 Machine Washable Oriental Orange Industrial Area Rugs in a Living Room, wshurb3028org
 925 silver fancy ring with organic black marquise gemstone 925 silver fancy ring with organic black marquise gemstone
+ + + +
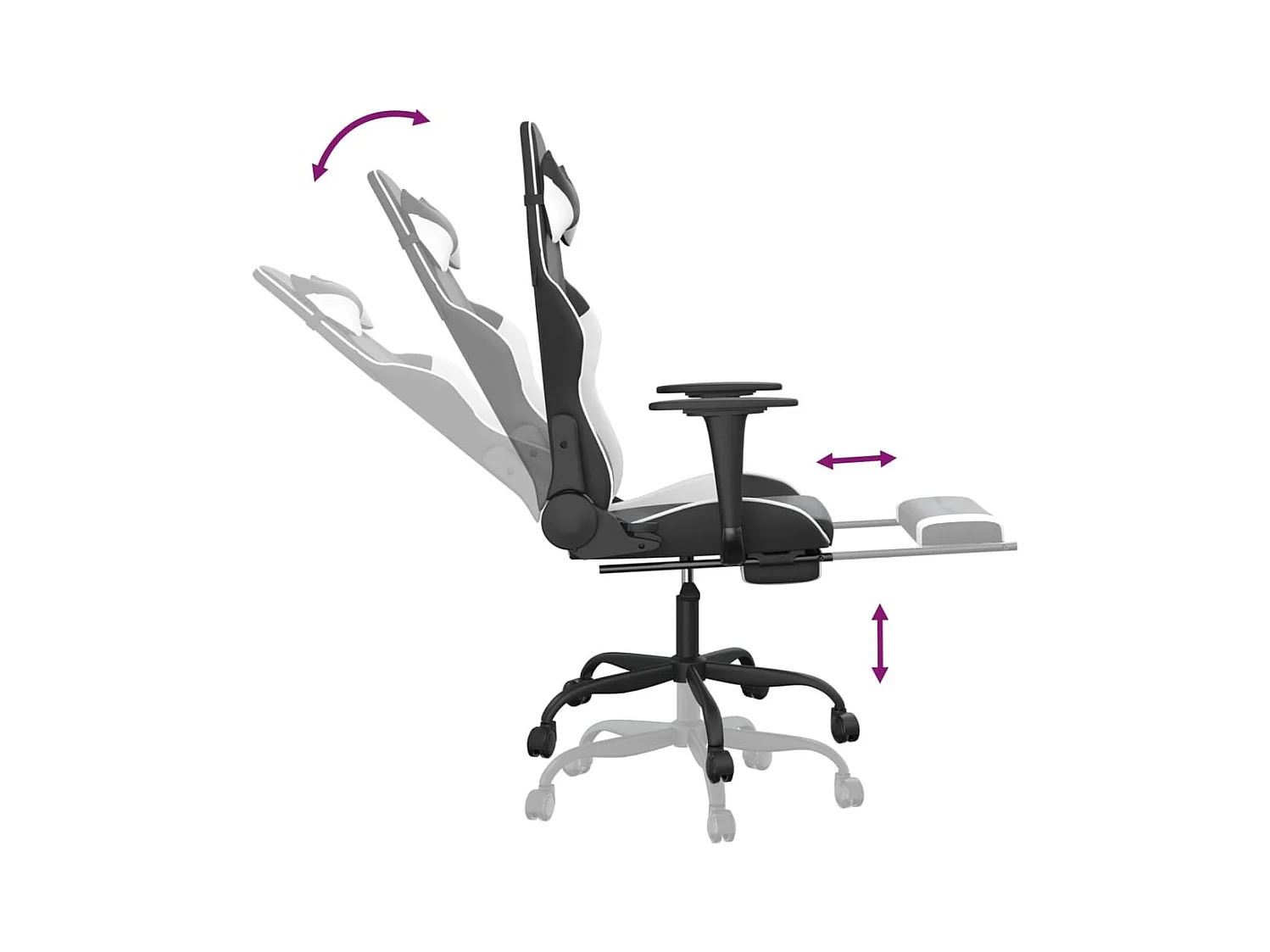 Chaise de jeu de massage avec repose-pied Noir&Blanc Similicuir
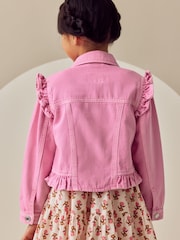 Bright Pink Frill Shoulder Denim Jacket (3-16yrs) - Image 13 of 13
+ + + +
◆ **Requirement**:
Using the data above, retype exactly and only the lines from the one containing "Chaise de jeu" up to and including the one containing "Bright Pink Frill", with no pictures carried over.

◆ **Answer for the task**:
 Chaise de jeu de massage avec repose-pied Noir&Blanc Similicuir
 Bright Pink Frill Shoulder Denim Jacket (3-16yrs) - Image 13 of 13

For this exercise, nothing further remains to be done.